Protokoll der Landratssitzung vom 22. April 2004
Protokoll der Landratssitzung vom 22. April 2004 |
Nr. 514
14 2002/307
Postulat von Ruedi Brassel vom 28. November 2002: «Partnerschaftsprüfung» bei jedem Parlamentsgeschäft
Die ablehnende Haltung der Regierung begründet Regierungsrätin
Sabine Pegoraro
. Sie betont, es bestünden schon Regelungen über die partnerschaftliche Zusammenarbeit in den beiden Basel: einerseits die entsprechenden Verfassungsartikel, andererseits eine «Vereinbarung über die Zusammenarbeit der Behörden» beider Basel von 1977. In dieser ist alles geregelt, was der Regelung bedarf, so die Zusammenarbeit der beiden Regierungen, jene der beiden Parlamenten (etwa: was passiert, wenn ein partnerschaftliches Geschäft im einen Parlament abgelehnt wird?) und das Vorgehen bei Volksabstimmungen über partnerschaftliche Vorlagen.

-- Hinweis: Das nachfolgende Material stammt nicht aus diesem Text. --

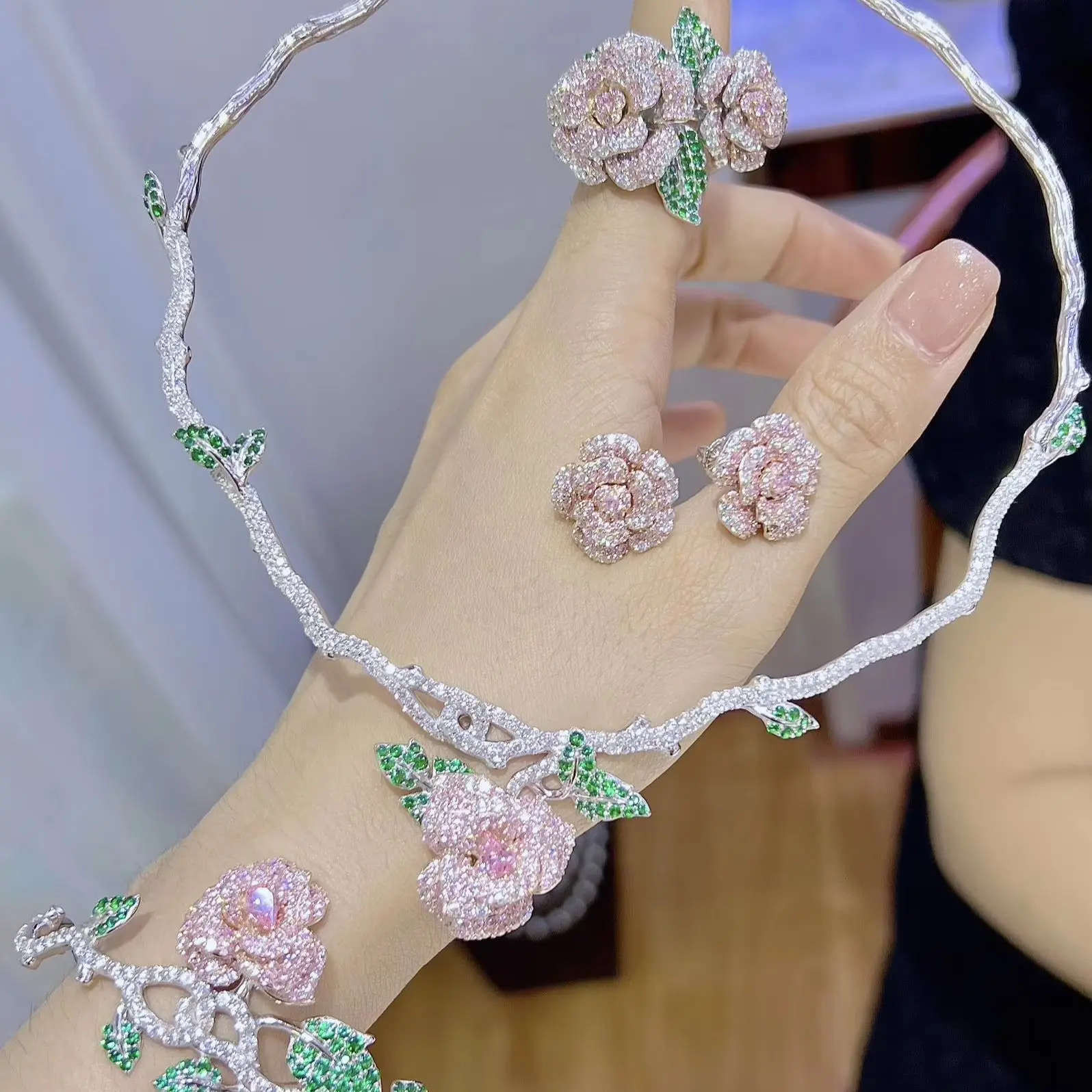 BELLUX Luxury Flower Design Choker Bracelet Earring Ring Jewelry 925 Silver Gold Plated Party Banquet Jewelry Set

Jedes Geschäft wird schon heute selbstverständlich auf seine Partnerschaftstauglichkeit geprüft - das ist eine Daueraufgabe für jede Direktion und ihre(n) Vorsteher(in).
Auch aus dem Partnerschaftsbericht ist zu ersehen, dass bereits über 90 Vereinbarungen mit dem Partnerkanton in Kraft sind. In der JPMD laufen zur Zeit gerade zwei solcher Projekte: das Integrationsgesetz, das von einer gemeinsamen Kommission mit Basel-Stadt vorbereitet wird mit dem Ziel gleichlautender Gesetzestexte, und das Gesetz über die polizeiliche Wegweisung bei häuslicher Gewalt. Hier ist das Baselbiet schon weiter und überlässt den Basel-Städtern die Arbeitsunterlagen, um zu einem möglichst identischen Gesetz zu kommen.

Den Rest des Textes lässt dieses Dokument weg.